> **What is required**: Your transcription must include every record word for word and no pictures.

####

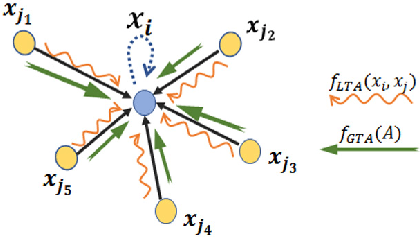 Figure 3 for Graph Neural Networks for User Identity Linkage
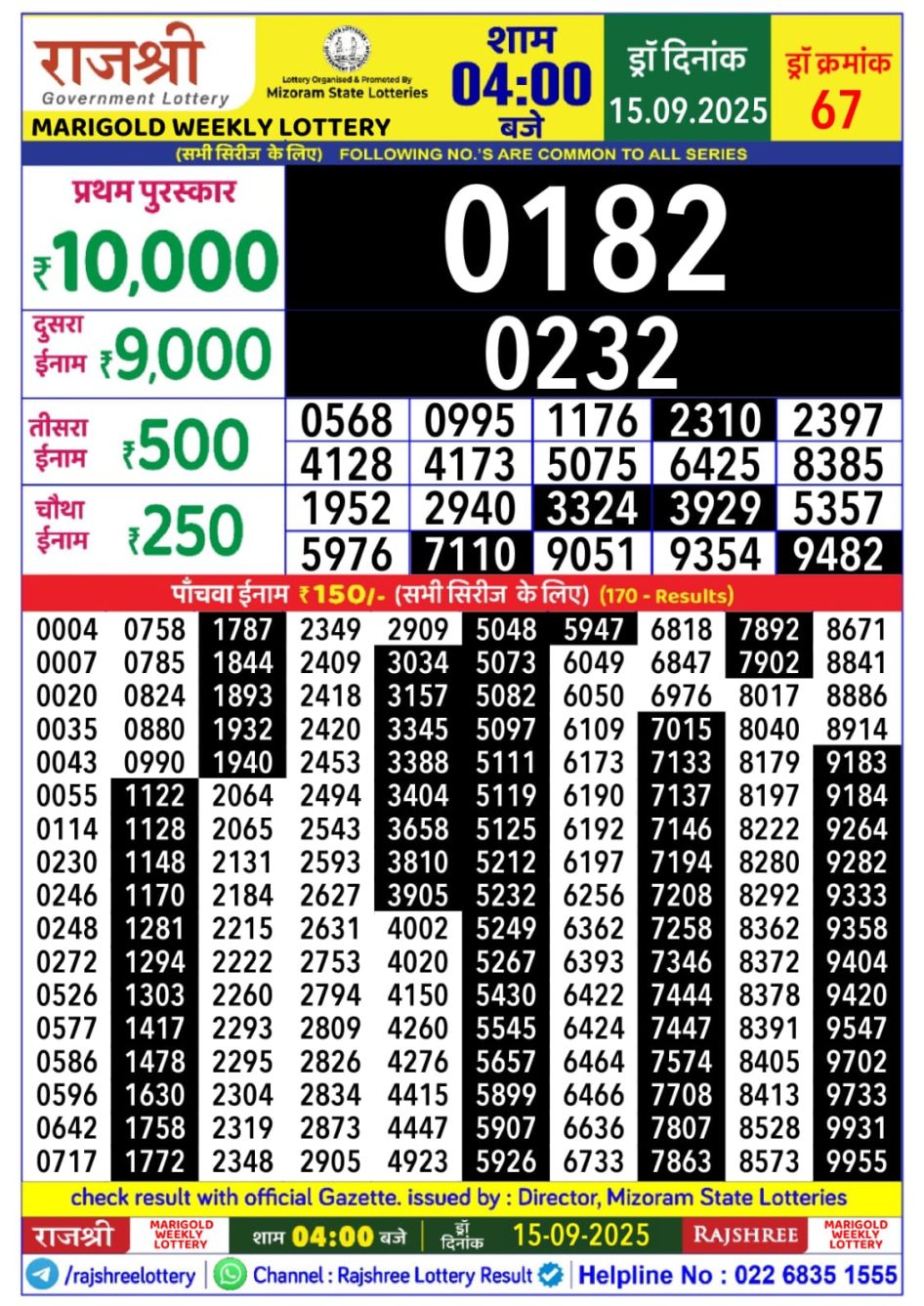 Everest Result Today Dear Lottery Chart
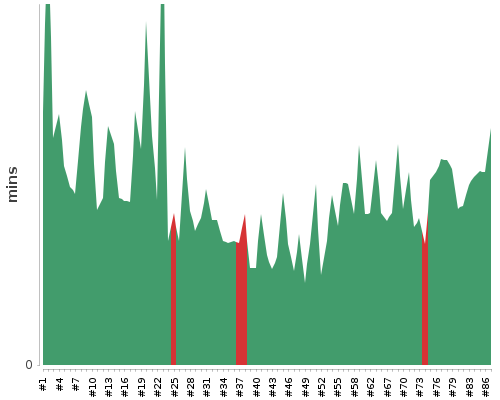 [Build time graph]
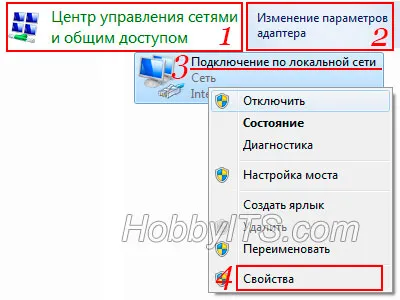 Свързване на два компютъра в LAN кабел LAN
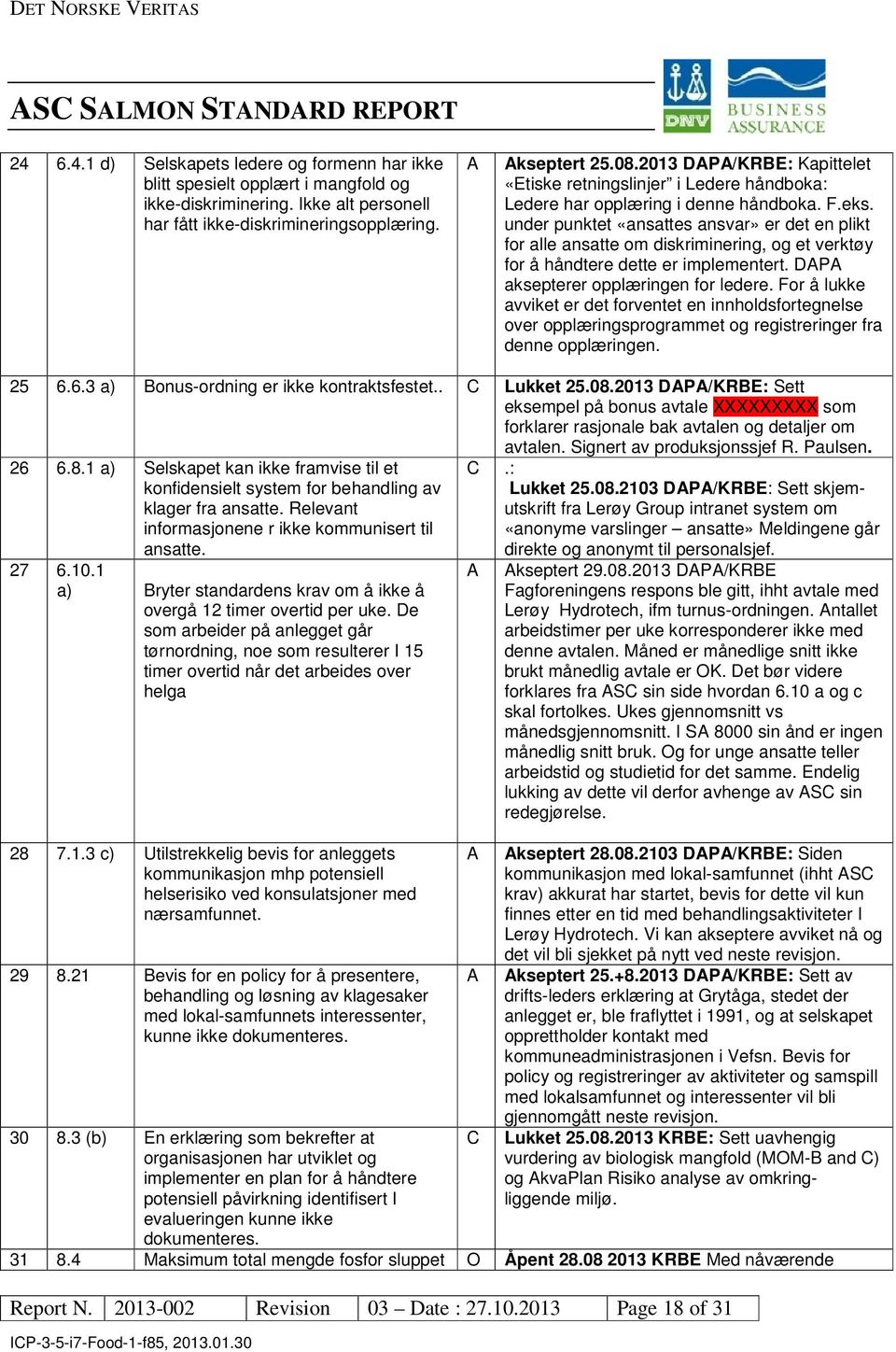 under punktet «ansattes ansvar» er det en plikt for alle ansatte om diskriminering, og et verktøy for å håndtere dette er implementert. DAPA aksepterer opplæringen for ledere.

####

> **Output for this task**:
 Figure 3 for Graph Neural Networks for User Identity Linkage
 Everest Result Today Dear Lottery Chart
 [Build time graph]
 Свързване на два компютъра в LAN кабел LAN
 under punktet «ansattes ansvar» er det en plikt for alle ansatte om diskriminering, og et verktøy for å håndtere dette er implementert. DAPA aksepterer opplæringen for ledere.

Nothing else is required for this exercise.